**TASK DIRECTIONS**. Below are records; the lines starting at the one with "DZ158-125塑料外殼式斷路器" and ending at the one with "Vegetable garden" must be reproduced exactly, both included. Pictures must not appear.
START DATA TO USE
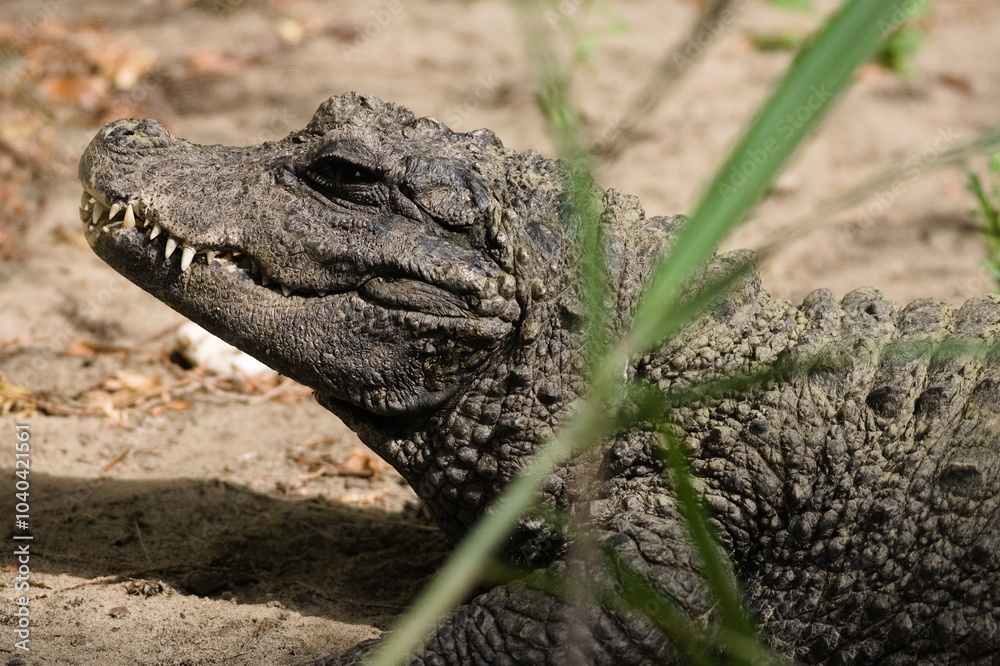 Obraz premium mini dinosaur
END DATA TO USE
START DATA TO USE
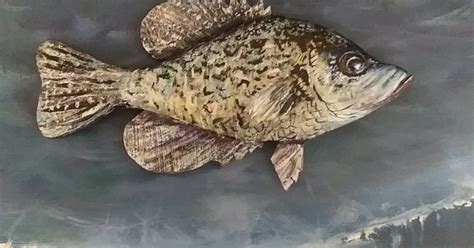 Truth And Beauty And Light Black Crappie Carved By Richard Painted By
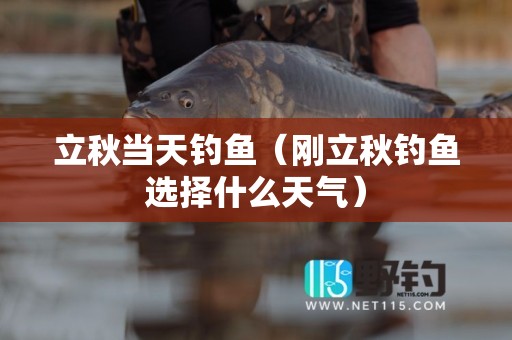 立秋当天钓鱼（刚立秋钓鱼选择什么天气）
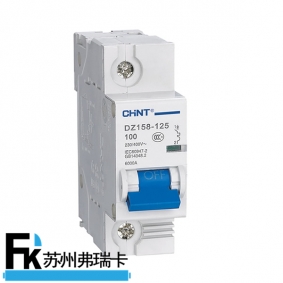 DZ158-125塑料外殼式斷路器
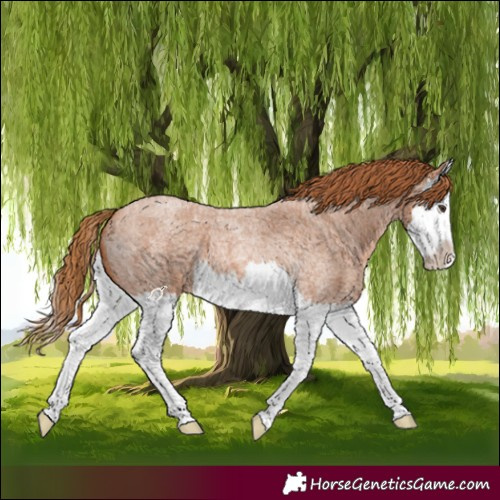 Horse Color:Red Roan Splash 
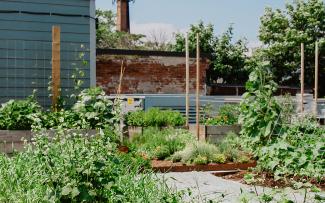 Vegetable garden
END DATA TO USE
START DATA TO USE
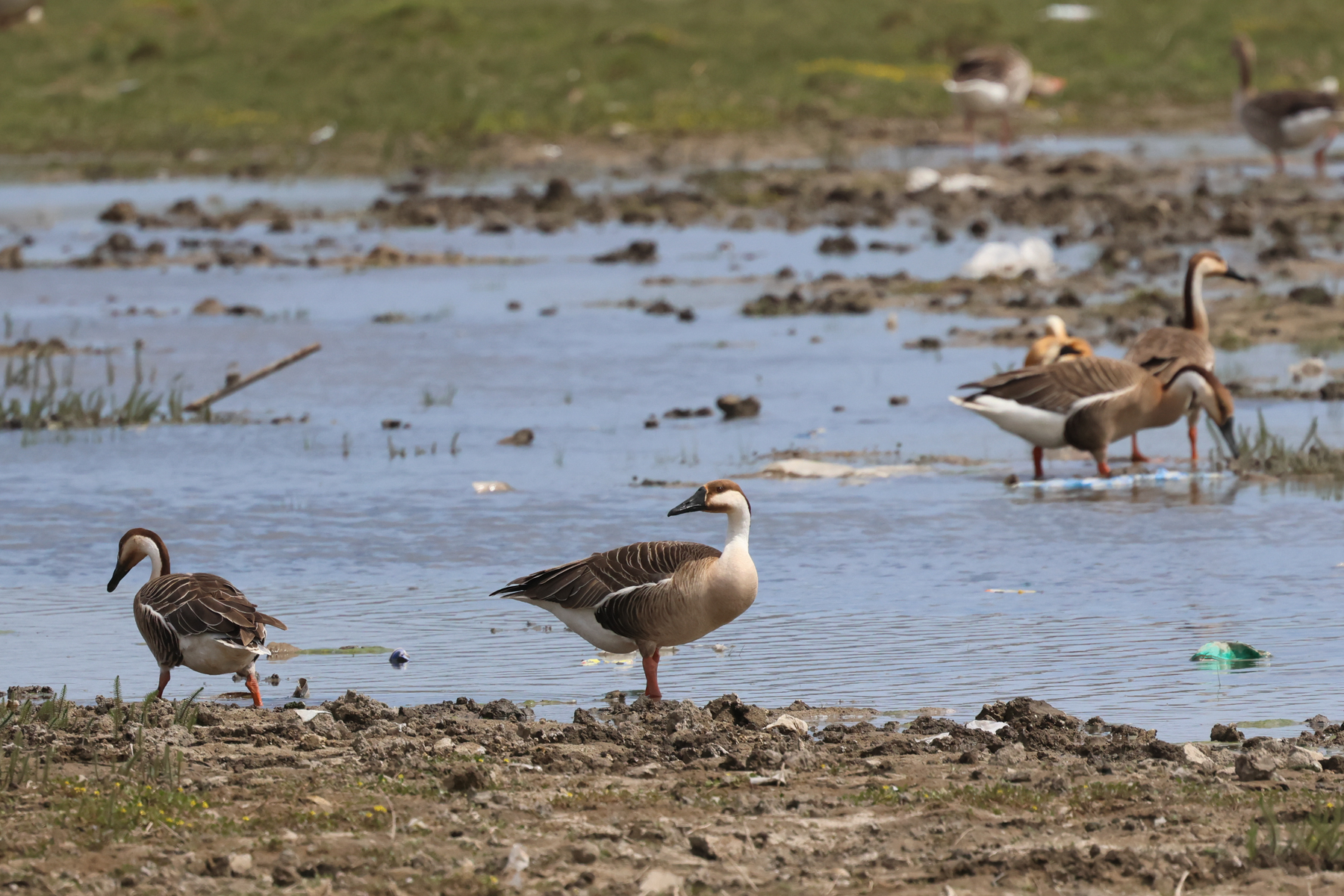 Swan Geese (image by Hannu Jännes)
END DATA TO USE
**EXERCISE SOLUTION**.
 DZ158-125塑料外殼式斷路器
 Horse Color:Red Roan Splash 
 Vegetable garden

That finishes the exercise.